Nel 1944 l’autore venne arrestato e rinchiuso nel lager di Dachau, dove trovò la morte l’anno seguente. A guerra finita fu ritrovato suo diario, poi pubblicato col titolo Il tempo dell’odio e della vergogna. Il Re degli Anabattisti rivide la luce solo nel 1958 e nel 1971, a Sessantotto scoppiato, all’editore Rusconi parve il momento adatto per riproporlo. E’ un libro fondamentale e formativo, che adesso viene ristampato da Fede&Cultura (pp. 190, €. 19).

La storia, che l’autore ripercorre quasi minuto per minuto, è questa: nel 1534 il “profeta” anabattista Jan Matthys e i suoi seguaci si diressero verso Münster, capitale della Westfalia. Lutero, infatti, aveva aperto il vaso di pandora e ognuno applicava il «libero esame» a modo suo; a nulla era valso (e varrà) a Lutero a quel punto arrampicarsi sugli specchi per far entrare in testa a tutti che l’unica interpretazione giusta della Scrittura era la sua. In breve la predicazione apocalittica di Matthys fece presa e bande di anabattisti conversero da ogni dove (anche dall’Olanda) su Münster, il cui vescovo-principe fu cacciato.

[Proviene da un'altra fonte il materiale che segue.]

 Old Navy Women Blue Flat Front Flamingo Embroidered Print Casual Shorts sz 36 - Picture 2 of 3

Münster diventa un regno dell’Antico Testamento: si cambiano i nomi alle strade e ai borghi e pure alle persone in senso biblico, si abolisce la proprietà privata perché i primi cristiani mettevano tutto in comune, si frustano gli oziosi, si vieta ogni “lusso” arrivando a stabilire il numero massimo dei bottoni sui vestiti. Matthys, ex fornaio di Haarlem, si era portato dietro l’amante, una ragazzina che aveva praticamente rapito. Cadde mentre incitava i suoi a resistere all’assedio che il vescovo Franz von Waldeck aveva stretto attorno alla città con truppe cattoliche e protestanti (anche i protestanti avevano cominciato a preoccuparsi).

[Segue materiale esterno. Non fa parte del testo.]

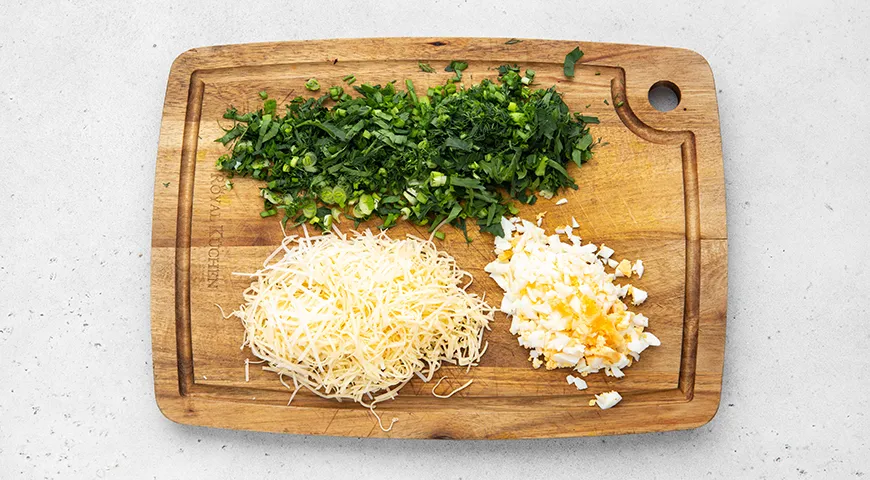 Блинчики с яйцом и сыром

«Libero esame»? Dopo il fornaio, il sarto: Jan Bockelson di Leyda, successore di Matthys. Per prima cosa si incoronò re di Münster, introdusse la poligamia (sempre biblica) e obbligò tutti a sposarsi, monache, preti e frati. Anche chi aveva il coniuge fuori città per lavoro doveva risposarsi. Il «re» si prese sedici mogli, ognuna scelta in base a «rivelazioni». Tutte le torri furono abbattute, perché «ciò che è in alto sia abbassato», tutti i capolavori artistici vennero distrutti, compreso l’orologio della cattedrale. Squadre di moralizzatori entravano nelle case per controllare che i precetti biblici fossero seguiti a puntino.

Per chi sgarrava, il codice penale prevedeva una sola pena: la morte. Un bambino venne decapitato perché aveva dato uno schiaffo a sua madre. A un disgraziato che aveva commesso una trasgressione che lo stesso Bockelson giudicò futile fu tagliata solo mezza testa. E così via, in un crescendo di orrori che raggiunse il parossismo quando l’assedio mise la città alla fame. Si giunse all’infanticidio a scopo alimentare. Il primo esperimento di rivoluzione in un luogo circoscritto durò un anno e mezzo, poi gli assedianti ebbero la meglio e il Re degli Anabattisti fu giustiziato. Ma era solo l’inizio, per questo Reck-Malleczwen l’aveva preso a esempio.

Non a caso Marx e Lenin studiavano con passione le opere degli utopisti precedenti. Karl Kautsky ebbe a dire: «Ci sono cari tutti, dagli anabattisti ai comunardi pa­rigini». Quest’ultimo stimava in particolare Utopia di san Thomas More, non sapendo che questo, quand’era cancelliere d’Inghilterra, aveva firmato il decreto De heretico comburendo in base al quale sei anabattisti (di cui aveva capito la pericolosità) erano finiti al rogo. Morale: la Rivoluzione prima cambia tutto, poi distrugge tutto e alla fine divora se stessa. Mendax et homicida ab initio.